# Can someone help identify this Burl?



## lostwoodworker (Jul 28, 2017)

I acquired this from a local mill that used to make high burl veneers. This was in a pile rotting outside. When I say rotting it wasn't really rotting but had been obviously forgotten about. All the slabs were warped really bad in areas but I took the risk and bought it. I've worked with Maple, cherry, walnut and many local burls and none of this musky smell. None of this wood is spalting either so I know it's not maple Burl. Some on Facebook say it's Nargusta Burl.
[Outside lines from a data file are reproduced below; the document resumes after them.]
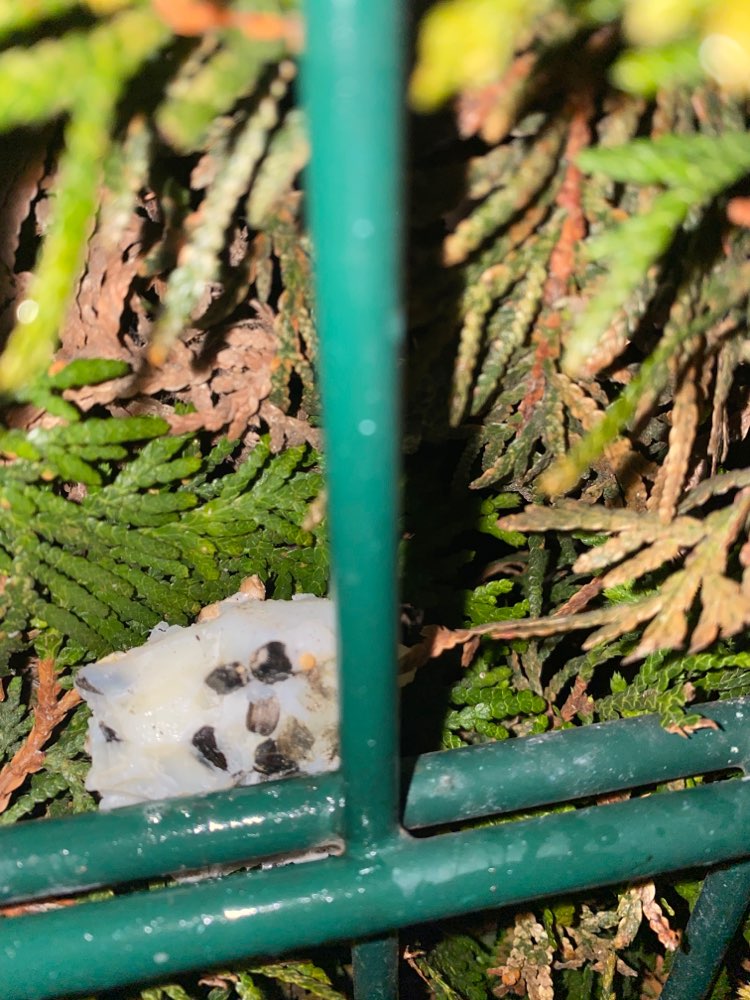 Giftköder-Undefinierbare Substanz-Profilbild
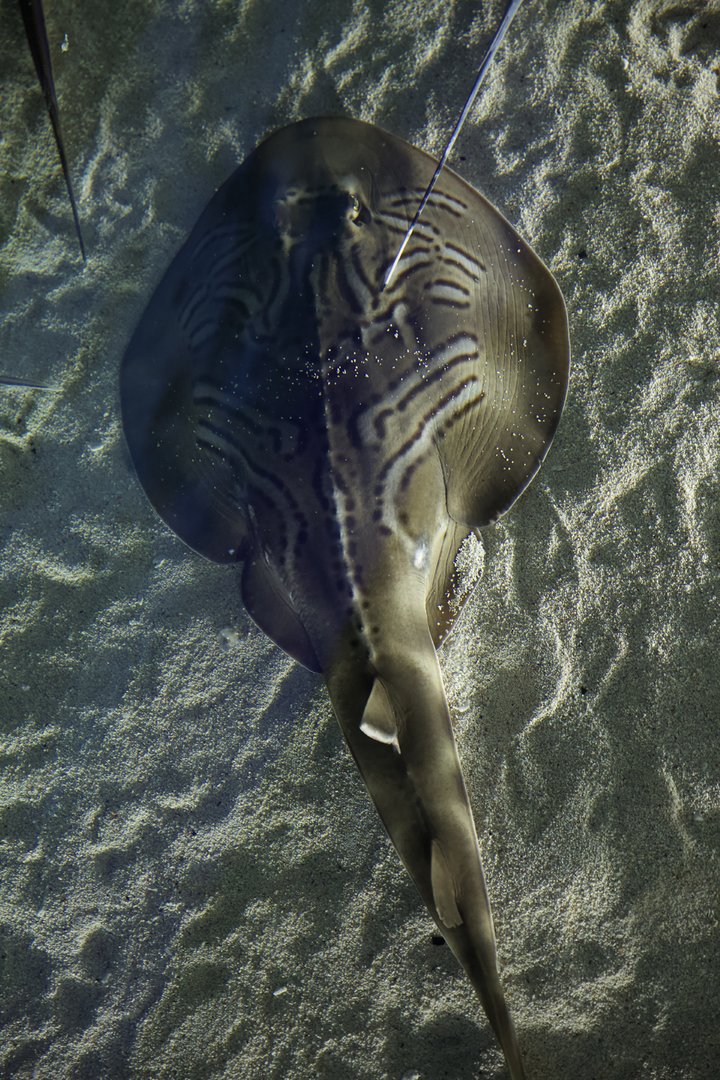 Eastern Fidder Ray/ Trygonorrhina fasciata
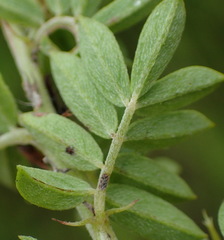 Indigofera poliotes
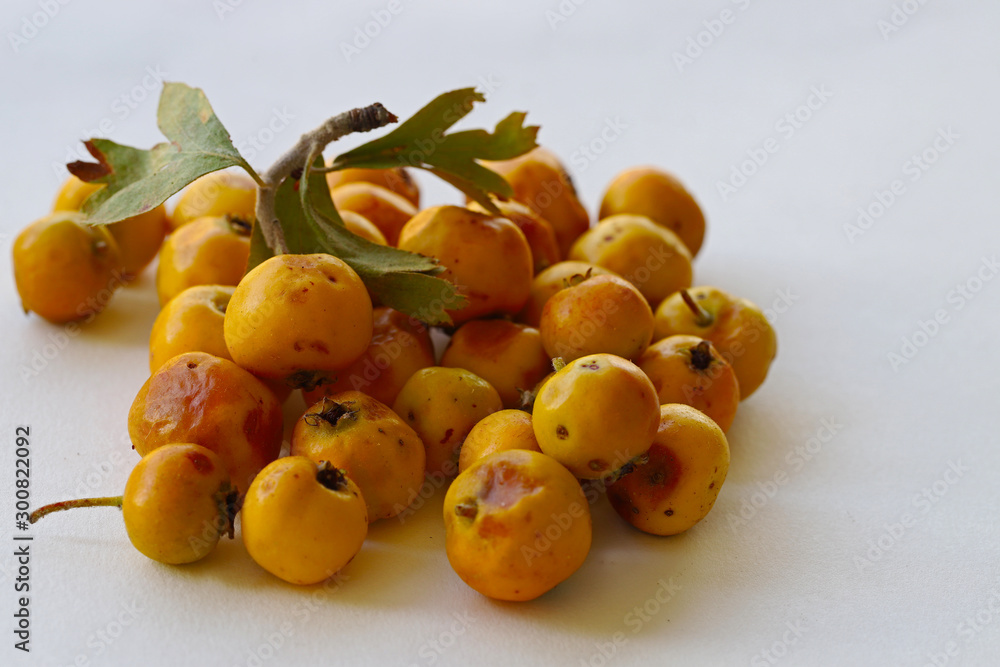 Hawthorn fruit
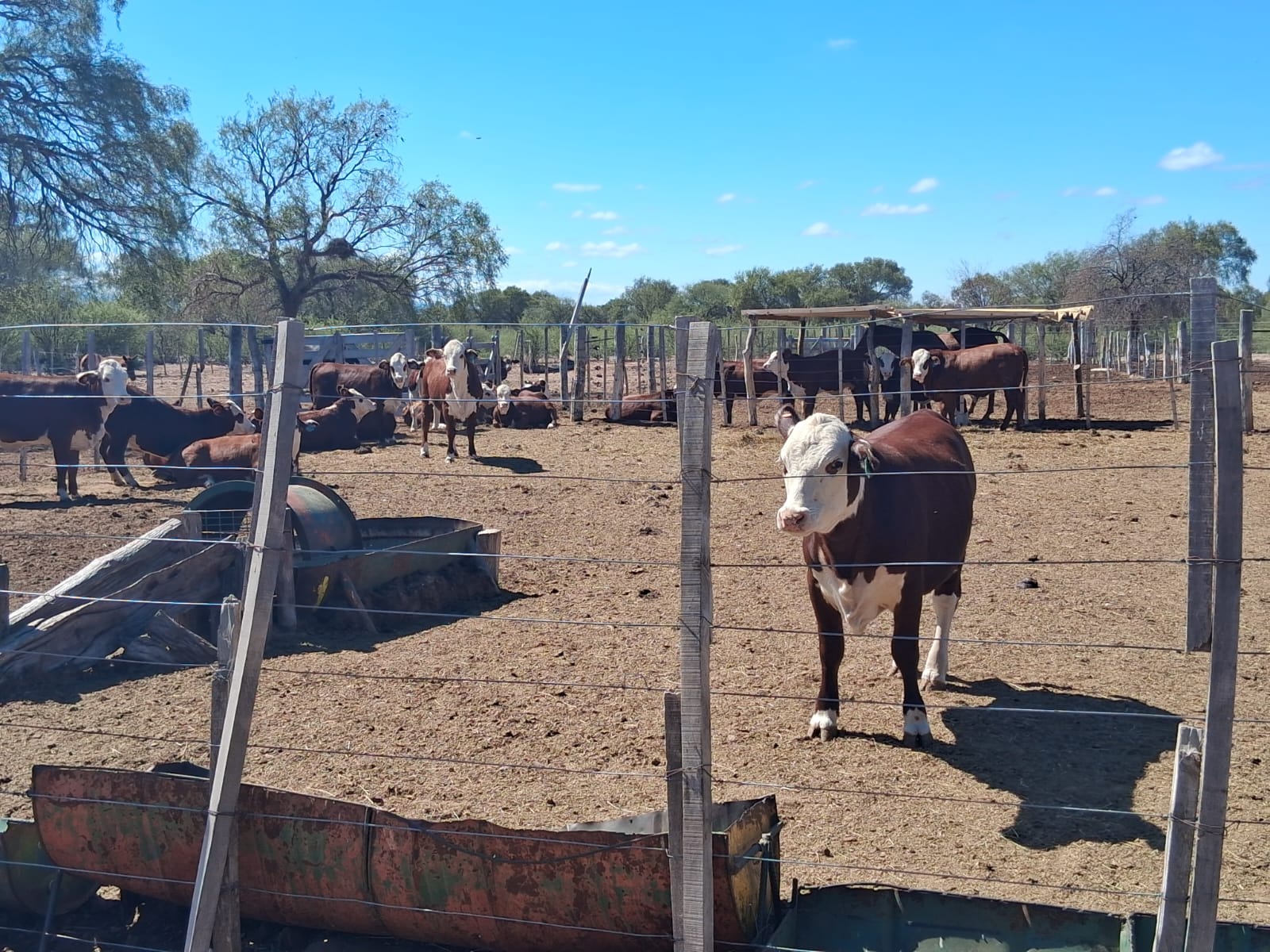 Campo Ganadero San Camilo, en la Rioja, 10493 Hectáreas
What's your thoughts?

Reactions: EyeCandy! 4


----------



## NYWoodturner (Jul 29, 2017)

It looks like Buckeye Burl. The musky smell lines up with buckeye as well. It is very light in weight compared to other woods ?

Reactions: Agree 1


----------



## DKMD (Jul 29, 2017)

I can see the Buckeye angle, but my first thought was walnut burl. I wonder if the musty smell is related to fungus just from being neglected outside in the elements?

Reactions: Agree 1


----------



## ripjack13 (Jul 29, 2017)

I moved this here....

Reactions: Like 1


----------



## gman2431 (Jul 29, 2017)

Sure looks like walnut. If it's naragusta it will be rock hard. Some more info might really help ya on the id of this.


----------



## lostwoodworker (Jul 29, 2017)

It's definitely not walnut. Doesn't even remotely smell like it.


----------



## NYWoodturner (Jul 29, 2017)

The Burl grain does look more like walnut.

Reactions: Agree 1


----------



## lostwoodworker (Aug 1, 2017)

Just had it confirmed as Nargusta.


----------



## Ralph Muhs (Aug 2, 2017)

Looks like wood!

Reactions: Agree 1 | Funny 1


----------